SQL Fundamentals – Set Operations

Combining Query Results with Set Operations

Sometimes you need to merge, compare, or contrast results from completely different queries. That's where set operations come in – they treat query results as mathematical sets and perform operations like union (combine everything), intersection (find common elements), and difference (find what's in one set but not the other).

These operations work on entire result sets, not individual rows. They stack results vertically, creating one combined dataset from multiple queries. Think of them like venn diagram operations – combining circles, finding overlaps, or identifying unique portions.

SQL provides three primary set operations:

UNION / UNION ALL: Combine results from multiple queries
INTERSECT: Find rows that appear in both queries
EXCEPT (or MINUS): Find rows in the first query that don't appear in the second

All set operations follow the same fundamental rules: queries must return the same number of columns, and corresponding columns must have compatible data types. The result uses column names from the first query.

In test automation, these operations help you compare datasets, merge results from different environments, or identify discrepancies between expected and actual data.

UNION: Combining Results with Deduplication

The UNION operator stacks results from two or more queries vertically, automatically removing duplicate rows. It's perfect when you want to create a unified list from multiple sources without repetition.

Here's a scenario: you want to create a report showing both active users and recently deactivated users, but marked differently:

SELECT UserId, Email, FirstName, LastName, 'Active' AS Status
FROM Users
WHERE IsActive = 1

UNION

SELECT UserId, Email, FirstName, LastName, 'Recently Deactivated' AS Status
FROM Users
WHERE IsActive = 0
  AND DeactivatedDate > CURRENT_DATE - INTERVAL '7 days';

The result combines both groups into one table:

UserId | Email              | FirstName | LastName | Status
-------|--------------------|-----------|----------|----------------------
101    | [email protected]   | John      | Smith    | Active
102    | [email protected]   | Jane      | Doe      | Active
103    | [email protected]    | Bob       | Wilson   | Recently Deactivated
104    | [email protected]  | Alice     | Johnson  | Active

If a row appears in both result sets (which shouldn't happen in this example since a user can't be both active and deactivated), UNION includes it only once.
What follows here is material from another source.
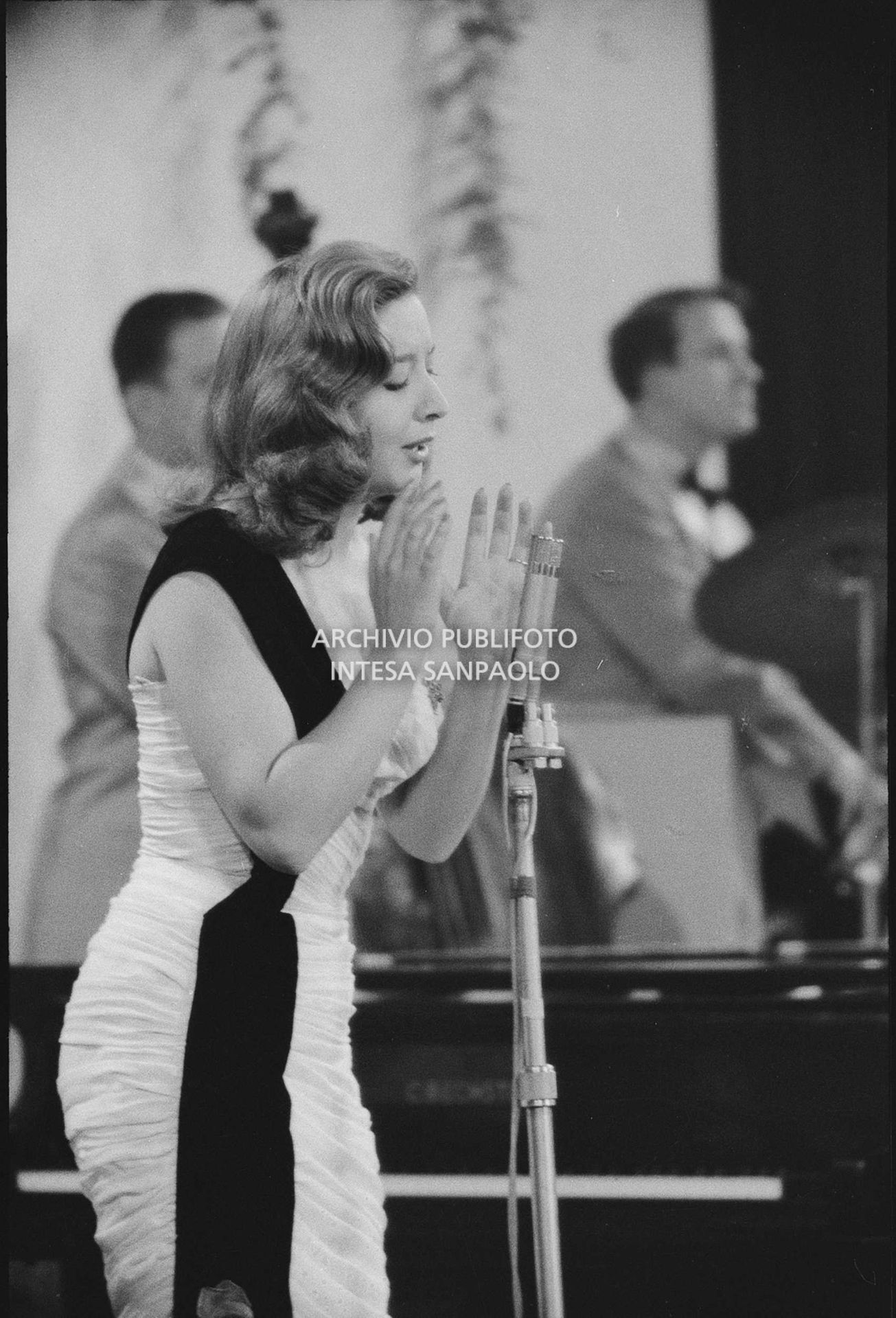 VIII Festival della canzone italiana di Sanremo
The deduplication process compares all columns – two rows are considered duplicates only if every column value matches.

Rules for UNION

Column count must match: Each SELECT must return the same number of columns
Data types must be compatible: The first column of each query must have compatible types, the second column must match, and so on
Column names come from the first query: The result set uses column names from the first SELECT
Automatic sorting for deduplication: UNION typically sorts results to identify duplicates, which adds processing overhead

Use UNION when you need to ensure each unique row appears exactly once in the combined result set.
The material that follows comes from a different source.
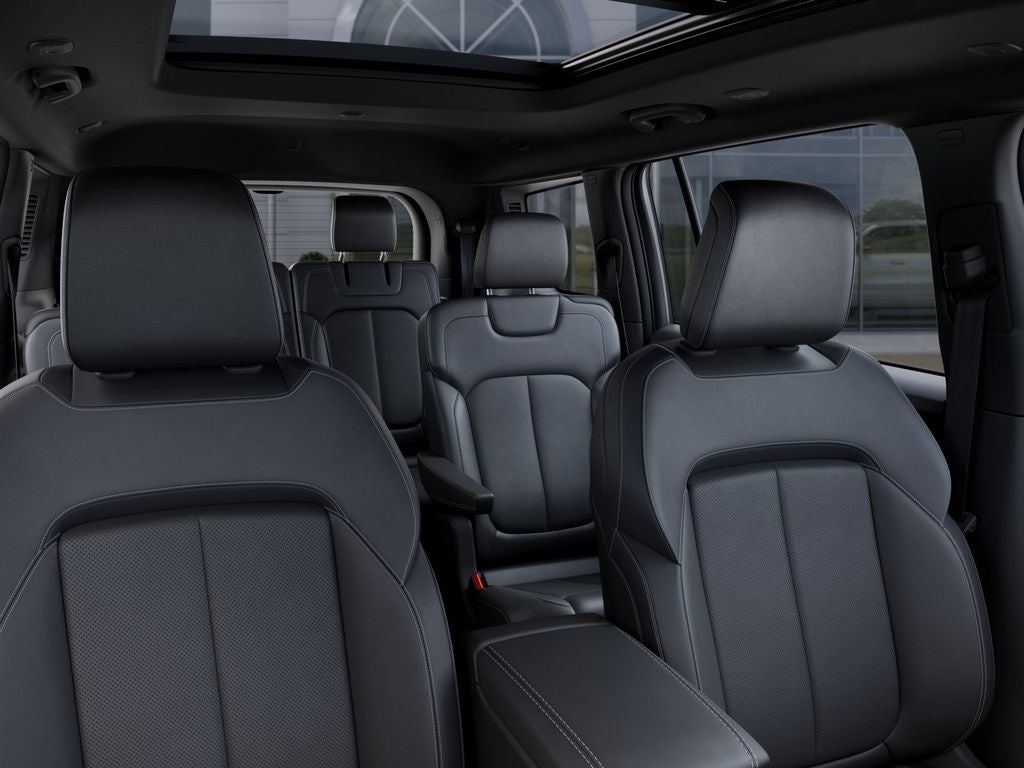 2026 Jeep Grand Cherokee L Limited Reserve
UNION ALL: Keep All Rows Including Duplicates

If you want to keep all rows from both queries, including duplicates, use UNION ALL. It simply appends the second result set to the first without any deduplication:

SELECT CategoryId, 'Low Price' AS PriceRange, Price
FROM Products
WHERE Price < 50

UNION ALL

SELECT CategoryId, 'High Stock' AS StockRange, StockQuantity
FROM Products
WHERE StockQuantity > 100;

If a product costs less than $50 and has over 100 units in stock, it appears twice in the results – once from each query. UNION ALL doesn't perform deduplication, making it significantly faster than plain UNION.
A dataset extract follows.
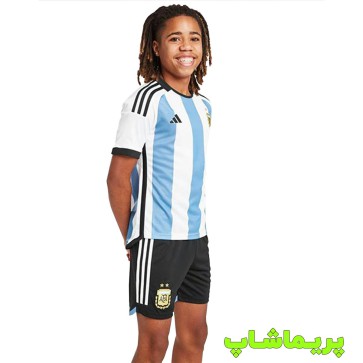 لباس بچه گانه آرژانتین 2022 سه ستاره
When to Choose UNION vs UNION ALL

Use UNION when:

You need to eliminate duplicates and ensure each row appears only once
The queries might produce overlapping results
You're creating a master list where uniqueness matters

Use UNION ALL when:

You know there won't be duplicates (the queries are logically exclusive)
You specifically want to preserve all rows, including duplicates
Performance matters and the deduplication overhead is unnecessary

Here's a practical example where UNION ALL is clearly the right choice:

-- Combine orders from different years (no duplicates possible)
SELECT OrderId, UserId, OrderDate, TotalAmount, 'Q1 2024' AS Period
FROM Orders
WHERE OrderDate BETWEEN '2024-01-01' AND '2024-03-31'

UNION ALL

SELECT OrderId, UserId, OrderDate, TotalAmount, 'Q2 2024' AS Period
FROM Orders
WHERE OrderDate BETWEEN '2024-04-01' AND '2024-06-30'

-- ... Q3 and Q4

Since the date ranges are mutually exclusive, no order can appear in multiple quarters. Using UNION ALL avoids unnecessary deduplication overhead.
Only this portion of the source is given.